2. **Walking**: Python basics and small data
3. **Running**: Databases and bigger datasets  
4. **Flying**: Big Data tools and distributed computing
5. **Soaring**: Real projects and professional skills

**Ready to become a Big Data superhero? Let's start! 🦸‍♂️**

---

> 💡 **Learning Tip**: Each section builds on the previous one. Don't skip ahead - master each level first!

## 📚 Section 1: What is Data and Why it Matters

### Let's Start Simple! 🧸

Imagine you have a toy box. Inside, you have:
- 5 red cars
- 3 blue trucks  
- 2 yellow airplanes
- 7 green soldiers

When you **count** and **write down** what you have, that's **DATA**!

### Real-Life Data Examples:
- **Your video game scores**: Mario Kart times, Pokemon you caught
- **School stuff**: Test grades, how many books you read
- **Family data**: Heights, birthdays, favorite foods
- **YouTube**: Views, likes, comments on videos

### Why Data is Like a Superpower 🦸‍♀️

Data helps us:
- **Make better decisions** (Which game should I buy next?)
- **Find patterns** (I always do better on math tests after breakfast!)
- **Predict things** (If it's cloudy, it might rain)
- **Solve problems** (Why is my phone battery dying so fast?)

### 🎯 Your First Mission:
Think about data in YOUR life. What do you count or measure every day?

In [None]:
# Let's practice with data from your life!
# Fill in YOUR numbers below:

print("=== MY PERSONAL DATA ===")
print("My age:", 10)  # Replace with your age
print("My favorite number:", 7)  # Replace with your favorite number
print("Books I read this month:", 3)  # Replace with your number
print("Hours I sleep:", 8)  # Replace with your number
print("Pets I have:", 1)  # Replace with your number

# Let's do some simple math with YOUR data
age = 10  # Replace with your age
favorite_number = 7  # Replace with your favorite number

print("\n=== FUN CALCULATIONS ===")
print("In 10 years, I'll be:", age + 10)
print("My age times my favorite number:", age * favorite_number)
print("Days I've been alive (approximately):", age * 365)

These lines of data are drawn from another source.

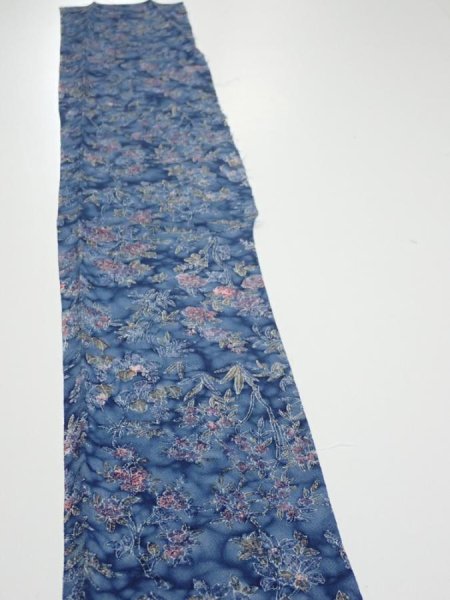Photo3: 1J07z50  Japanese Kimono Crepe Silk  FABRIC Flowers Dull blue 57.5x7.1 (3)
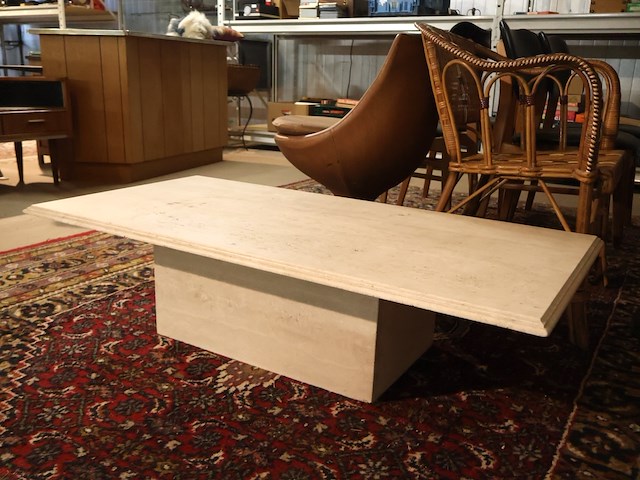 Travertijn salontafel - afbeelding 1 van  5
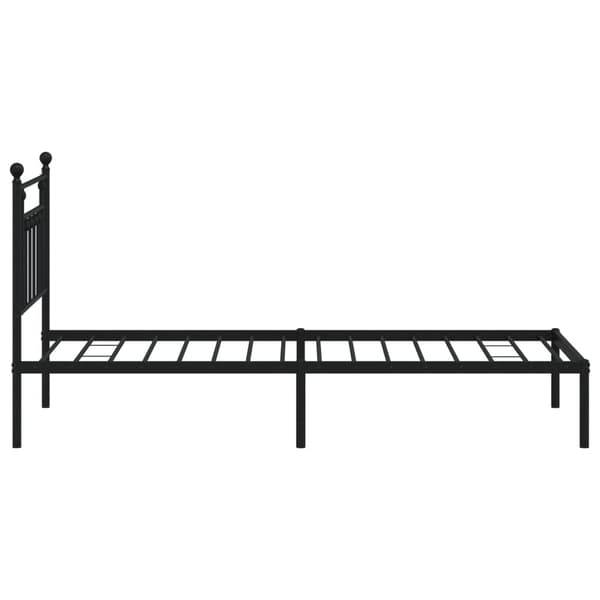 vidaXL metalsengestel med hovedgærde sort 90x190 cm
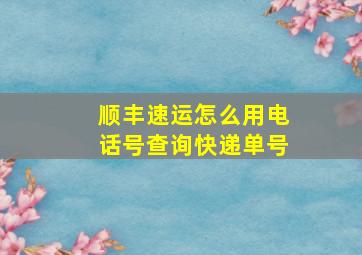 顺丰速运怎么用电话号查询快递单号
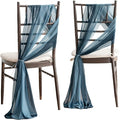 Ling's moment Wedding Chair Sashes Cover Aisle Decorations Draping Fabric Wrinkle-Free with Tie 16 Pcs Dusty Blue & Navy for Party Ceremony Reception Floral Arrangement Banquet Outdoor Decor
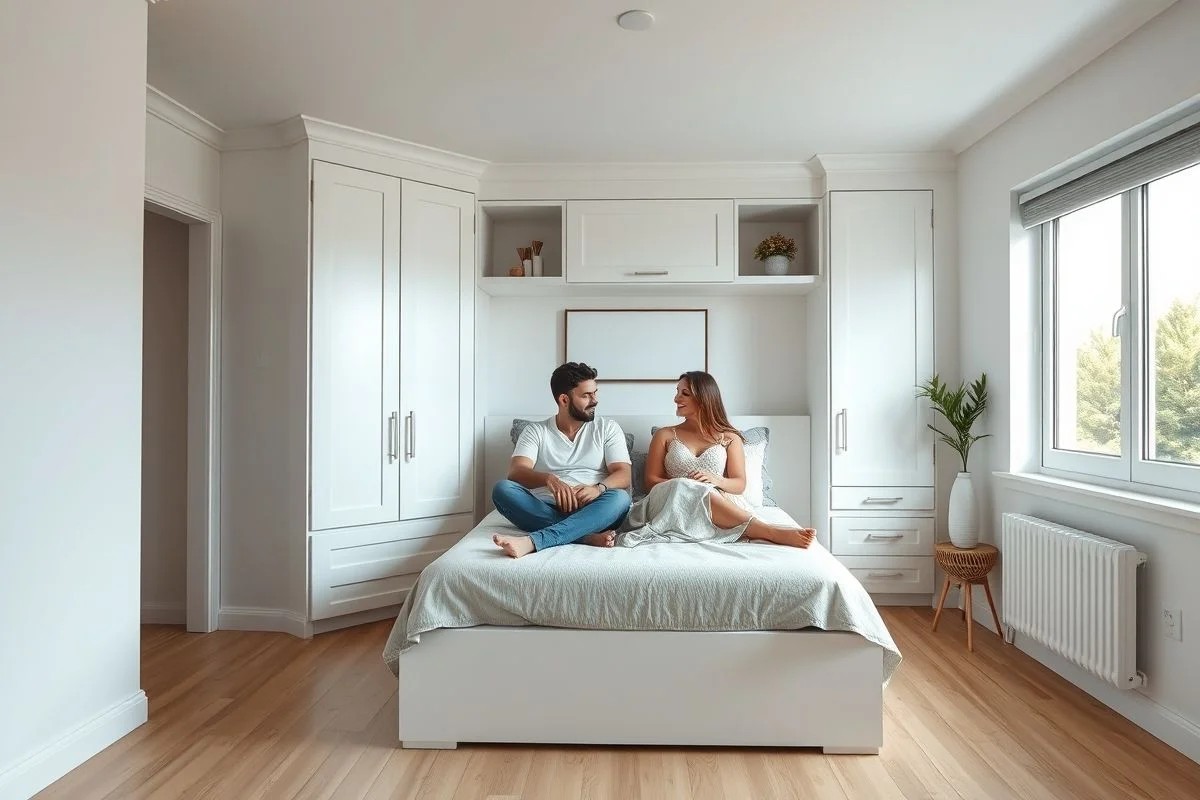 Quarto de casal pequeno com armários planejados e cores claras para ampliar o espaço.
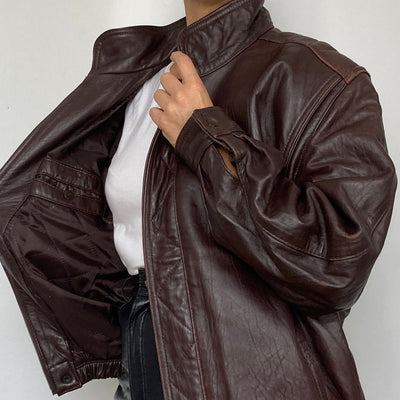 Dark Burgundy Bomber leather jacket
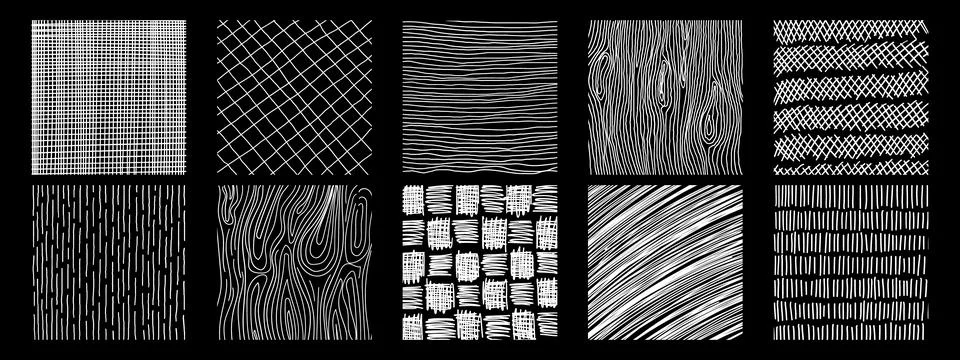 Patterns with hand drawn linear hatching and crosshatching textures. Vector.. Illustrazione stock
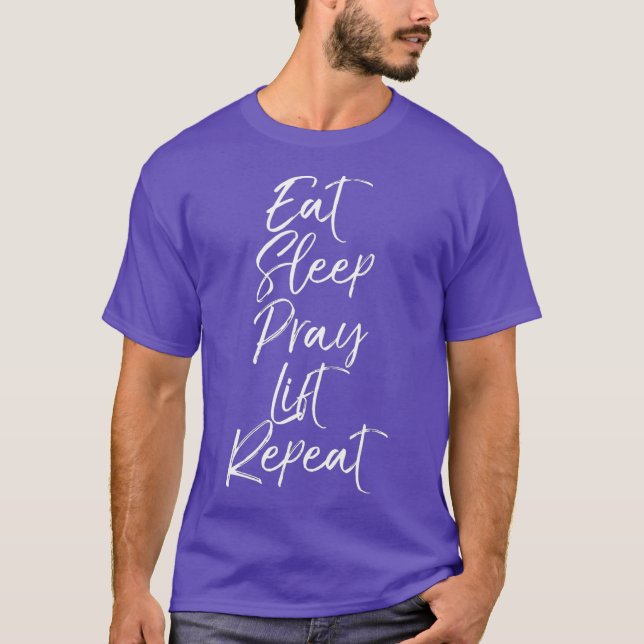 Camiseta Potência Cristã Levantando Reze Para Dormir (Frente)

# This is your first data analysis! 🎉

## 🌟 Section 2: Understanding Big Data with Simple Examples

### The Library Analogy 📚

**Small Data** = Your bedroom bookshelf (maybe 20 books)
- You can look at every book quickly
- Easy to find what you want
- You remember where everything is

**Big Data** = ALL the libraries in the ENTIRE WORLD! 
- Millions and millions of books
- Too many to look at one by one
- Need special systems to find anything
- Multiple buildings (computers) to store everything

### The 3 V's of Big Data (Like 3 Superpowers!)

#### 1. 📊 **VOLUME** = How MUCH data
- **Small**: Your playlist (50 songs)
- **Big**: ALL songs on Spotify (100 million songs!)

#### 2. ⚡ **VELOCITY** = How FAST data comes
- **Slow**: Writing in your diary (once a day)
- **Fast**: TikTok videos uploaded (thousands per minute!)

#### 3. 🎨 **VARIETY** = How MANY TYPES of data  
- **Simple**: Just numbers (your test scores)
- **Complex**: Videos, photos, text, sounds, GPS locations ALL mixed together!

### Real Big Data Examples You Know:
- **YouTube**: Stores billions of videos, millions uploaded daily
- **Google**: Searches trillions of web pages in seconds
- **Netflix**: Tracks what millions of people watch to recommend movies
- **Weather**: Collects data from thousands of sensors worldwide

### 🎯 Think About It:
Why can't we use regular computers for Big Data? (Hint: imagine counting all the stars in the sky by yourself!)

In [None]:
# Let's simulate the difference between small and big data!

import time
import random

print("=== SMALL DATA EXAMPLE ===")
# Imagine checking 10 students' test scores
small_scores = [85, 92, 78, 95, 88, 76, 90, 82, 89, 94]

start_time = time.time()
average_small = sum(small_scores) / len(small_scores)
end_time = time.time()

print(f"Small data: {len(small_scores)} students")
print(f"Average score: {average_small:.1f}")
print(f"Time taken: {end_time - start_time:.6f} seconds")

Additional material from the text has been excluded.